* Goal of the exercise:
The answer should be a faithful retyping of the records that follow, pictures excluded.

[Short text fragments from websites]
....................

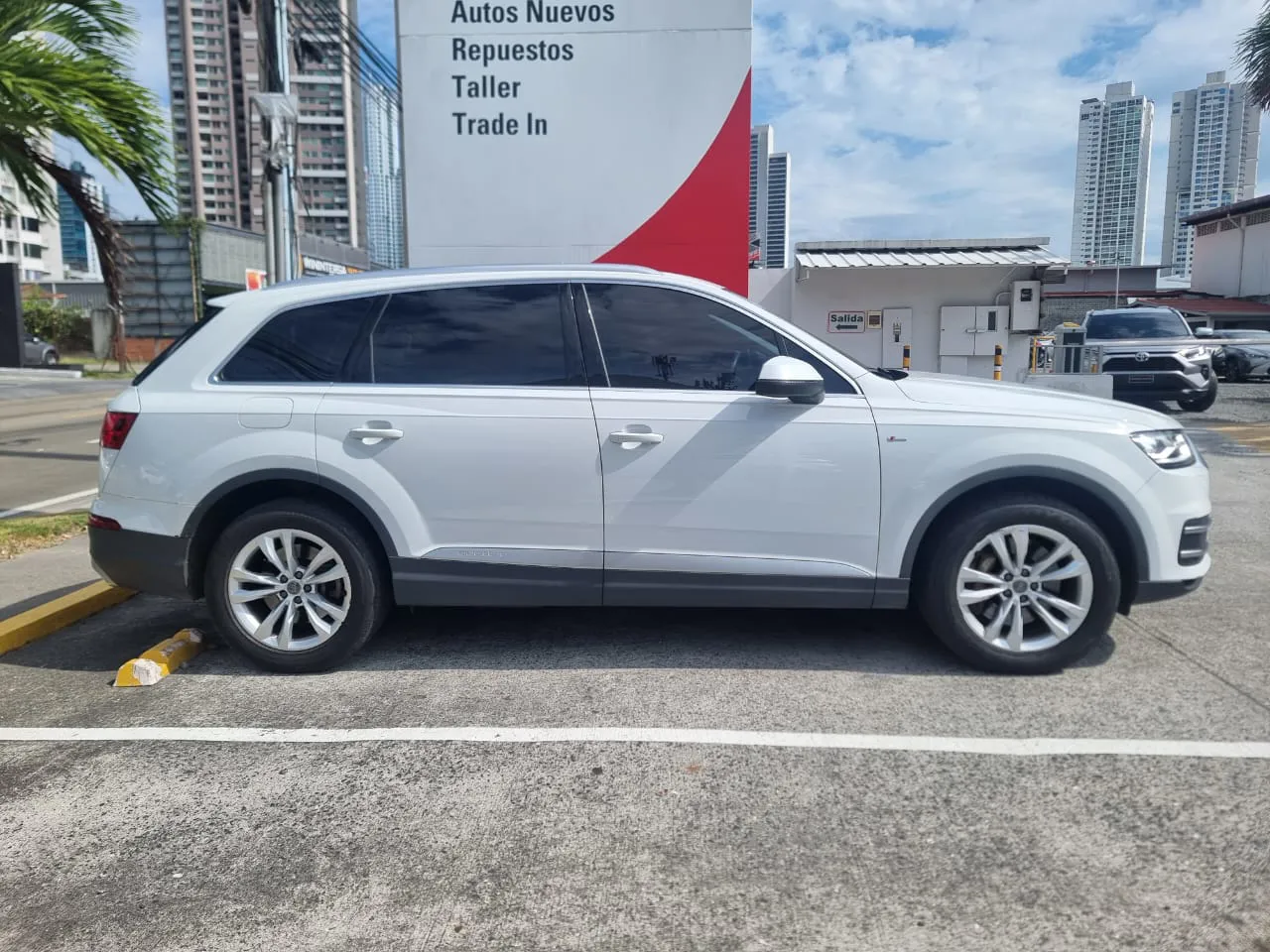 Preview imagenes del auto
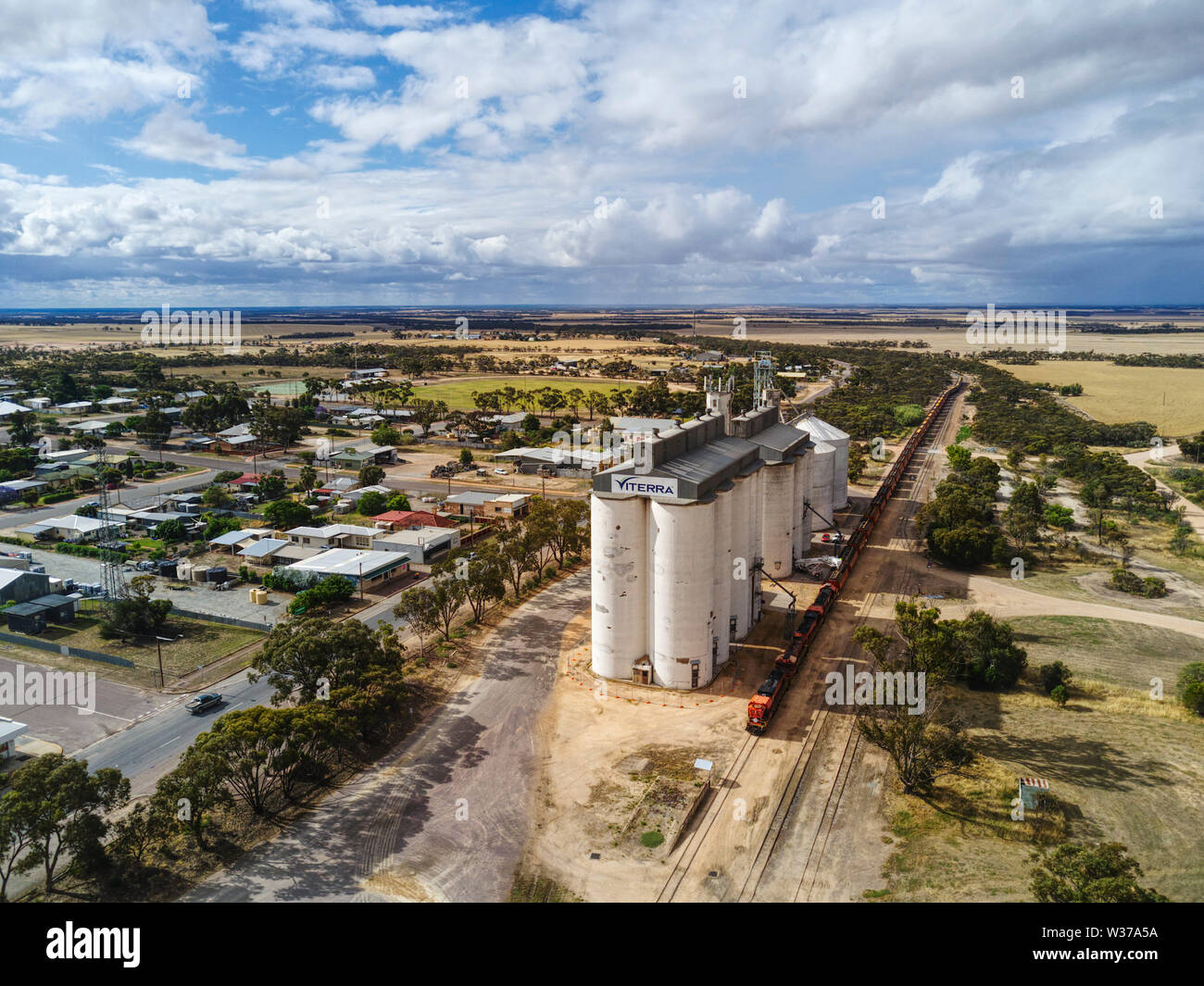 Genesee und Wyoming Australien diesel-elektrische Korn Zug mit vier Lokomotiven Sammeln von Getreide (Weizen, Gerste) für den Transport in Port Lincoln fr Stockfoto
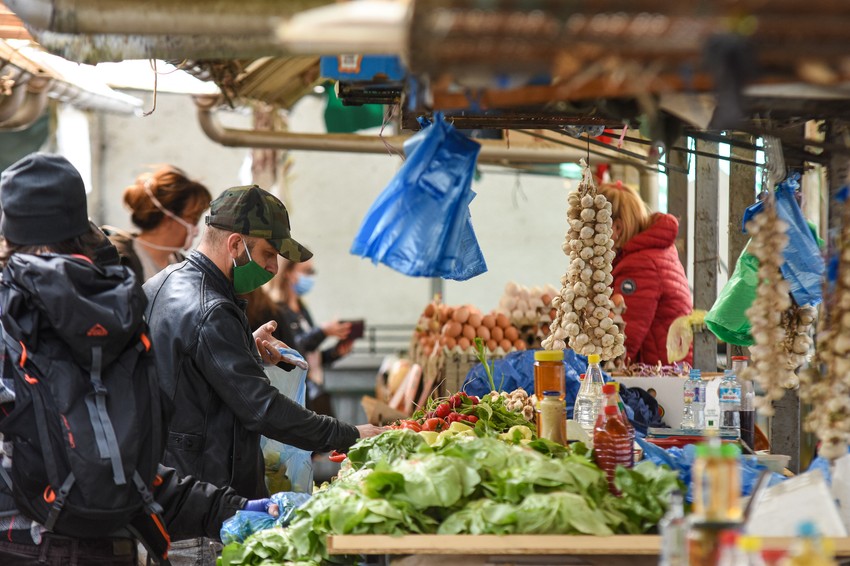 Novi Sad373 pijaca trznica voce povrce korona virus vanredno stanje foto Nenad Mihajlovic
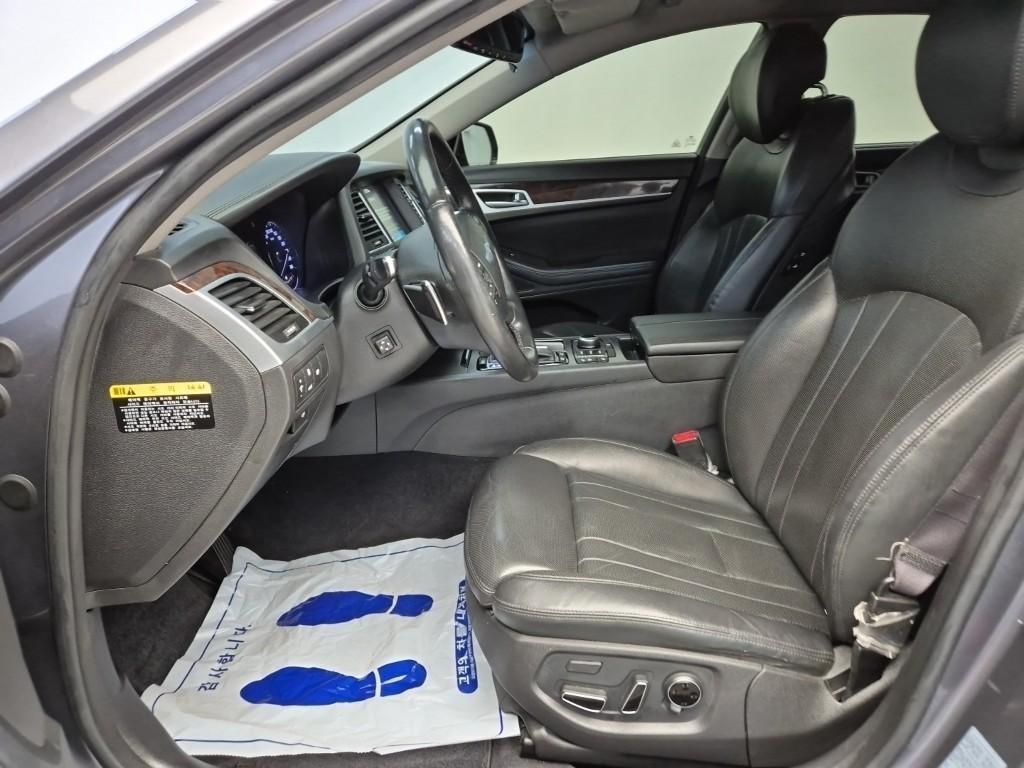 HYUNDAI Genesis - Vista 11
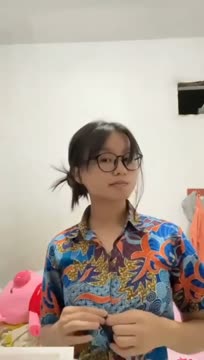 Bokep Indo Andini Permata Part 28 pamer body di kamar sendiri terbaru viral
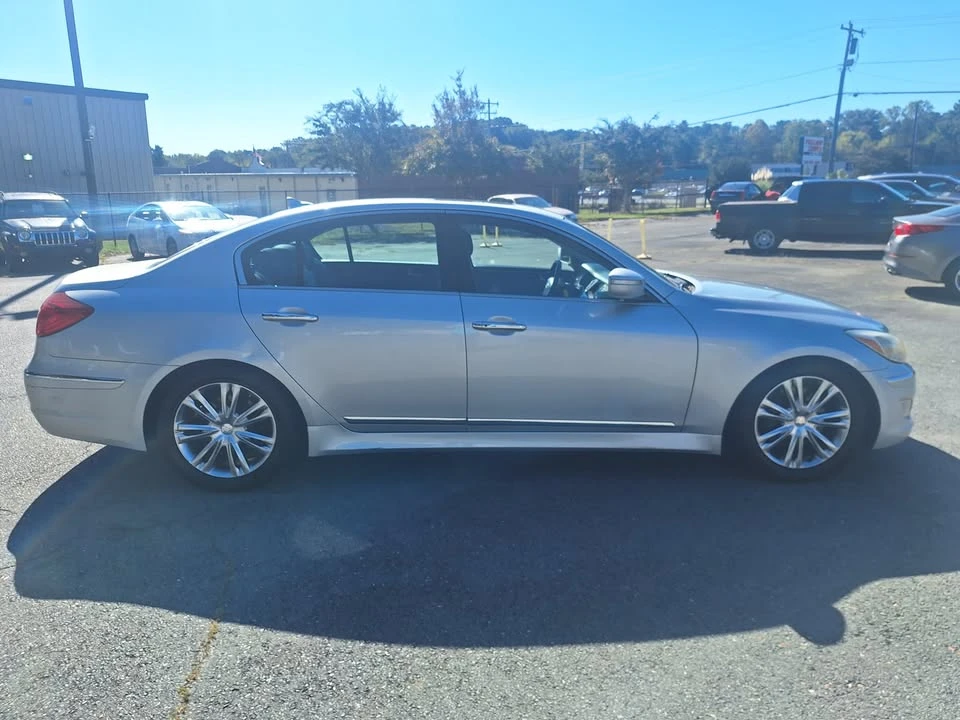 2012 Hyundai Genesis - Image 2 of 13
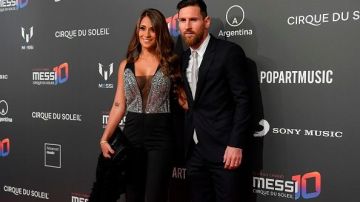 Barcelona's Argentinian forward Lionel Messi and his wife Antonella Roccuzzo pose on the red carpet during a photocall for Cirque du Soleil's latest show "Messi 10" inspired by the Argentinian football star in Barcelona on January 31, 2019. (Photo by LLUIS GENE / AFP)        (Photo credit should read LLUIS GENE/AFP/Getty Images)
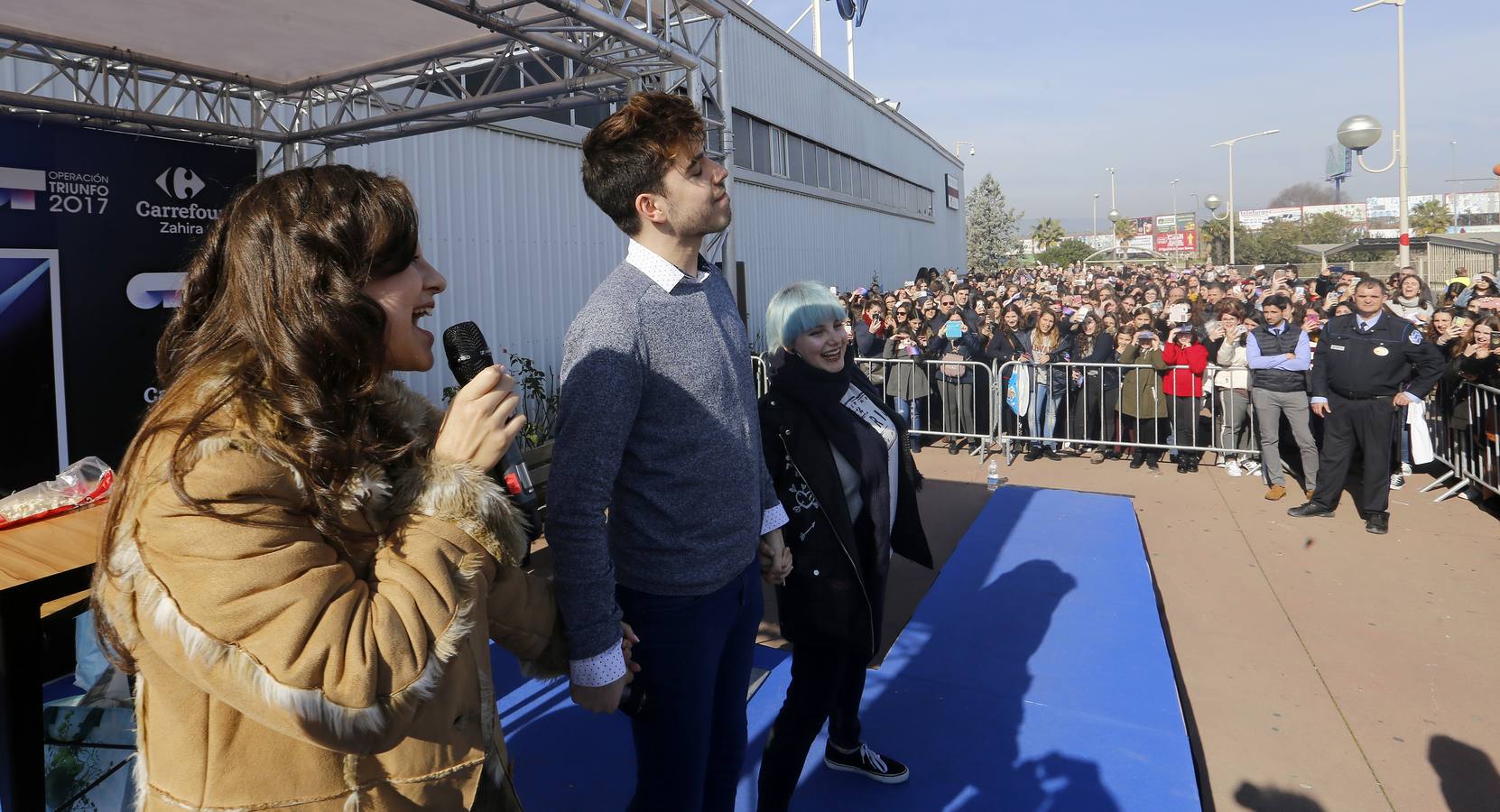 La firma de discos de los chicos de Operación Triunfo en Córdoba, en imágenes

....................

* Reply to the exercise:
 Preview imagenes del auto
 Genesee und Wyoming Australien diesel-elektrische Korn Zug mit vier Lokomotiven Sammeln von Getreide (Weizen, Gerste) für den Transport in Port Lincoln fr Stockfoto
 Novi Sad373 pijaca trznica voce povrce korona virus vanredno stanje foto Nenad Mihajlovic
 HYUNDAI Genesis - Vista 11
 Bokep Indo Andini Permata Part 28 pamer body di kamar sendiri terbaru viral
 2012 Hyundai Genesis - Image 2 of 13
 Barcelona's Argentinian forward Lionel Messi and his wife Antonella Roccuzzo pose on the red carpet during a photocall for Cirque du Soleil's latest show "Messi 10" inspired by the Argentinian football star in Barcelona on January 31, 2019. (Photo by LLUIS GENE / AFP)        (Photo credit should read LLUIS GENE/AFP/Getty Images)
 La firma de discos de los chicos de Operación Triunfo en Córdoba, en imágenes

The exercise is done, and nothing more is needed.